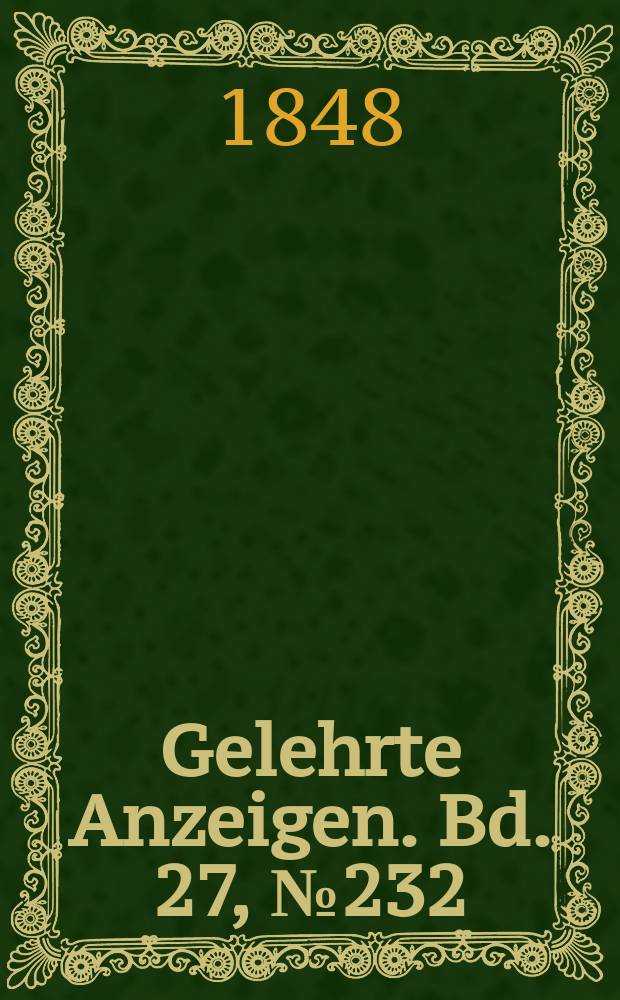 Gelehrte Anzeigen. Bd. 27, № 232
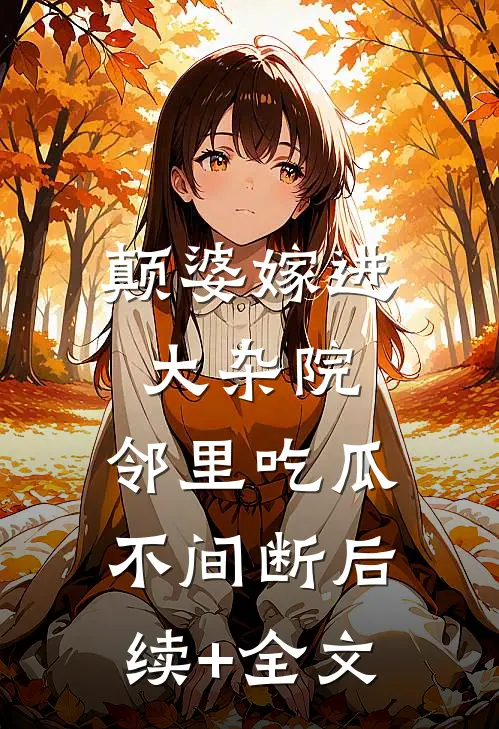 颠婆嫁进大杂院，邻里吃瓜不间断后续+全文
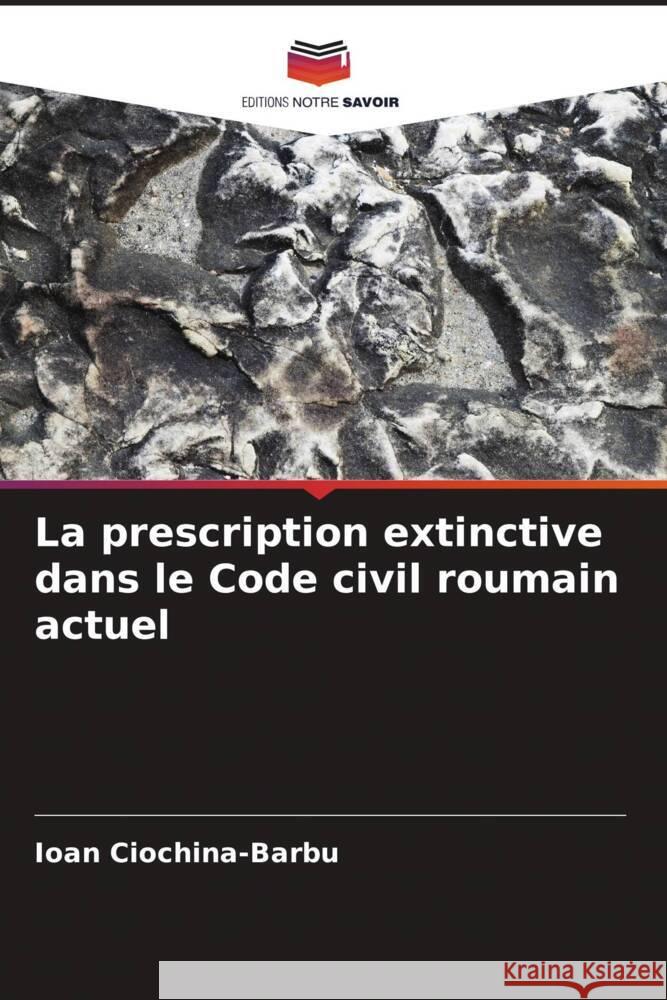 La prescription extinctive dans le Code civil roumain actuel Ioan Ciochina-Barbu 9786207416165 Editions Notre Savoir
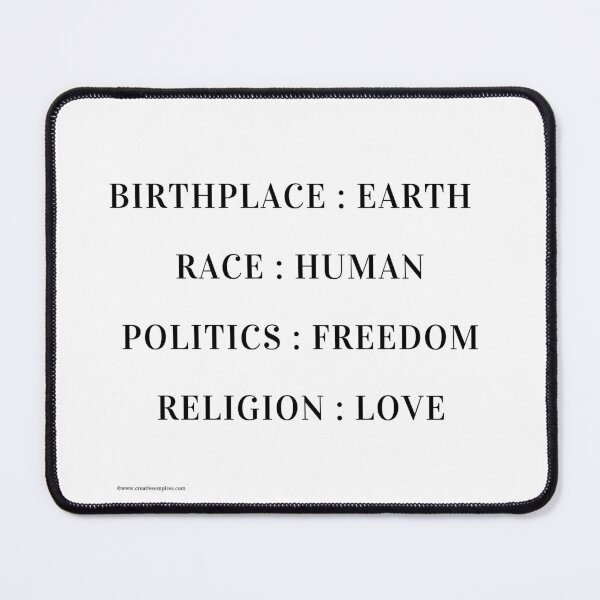 Item preview, Birthplace Earth Race Human Politics Freedom Religion Love designed and sold by CreativeEmpires.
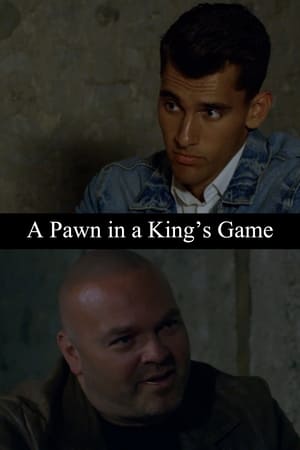 Poster A Pawn in a King's Game 2019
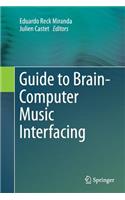 Guide to Brain-Computer Music Interfacing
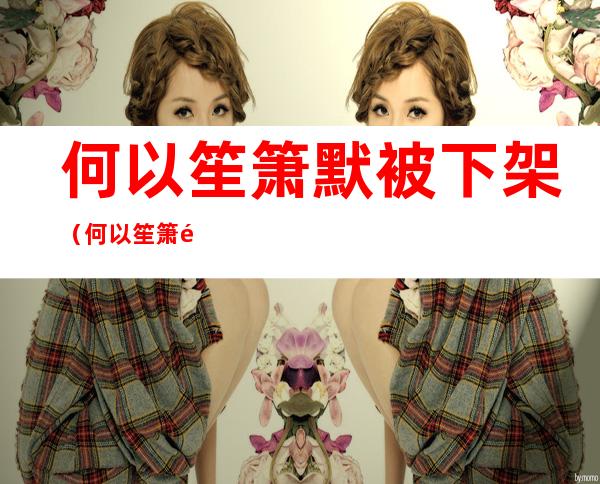 何以笙箫默被下架（何以笙箫默被下架吡）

===

Task item:
Exactly as they stand, write the lines from the one holding "颠婆嫁进大杂院，邻里吃瓜不间断后续+全文" to the end of the material, both ends included. Do not copy the pictures.

Solution below:
 颠婆嫁进大杂院，邻里吃瓜不间断后续+全文
 La prescription extinctive dans le Code civil roumain actuel Ioan Ciochina-Barbu 9786207416165 Editions Notre Savoir
 Item preview, Birthplace Earth Race Human Politics Freedom Religion Love designed and sold by CreativeEmpires.
 Poster A Pawn in a King's Game 2019
 Guide to Brain-Computer Music Interfacing
 何以笙箫默被下架（何以笙箫默被下架吡）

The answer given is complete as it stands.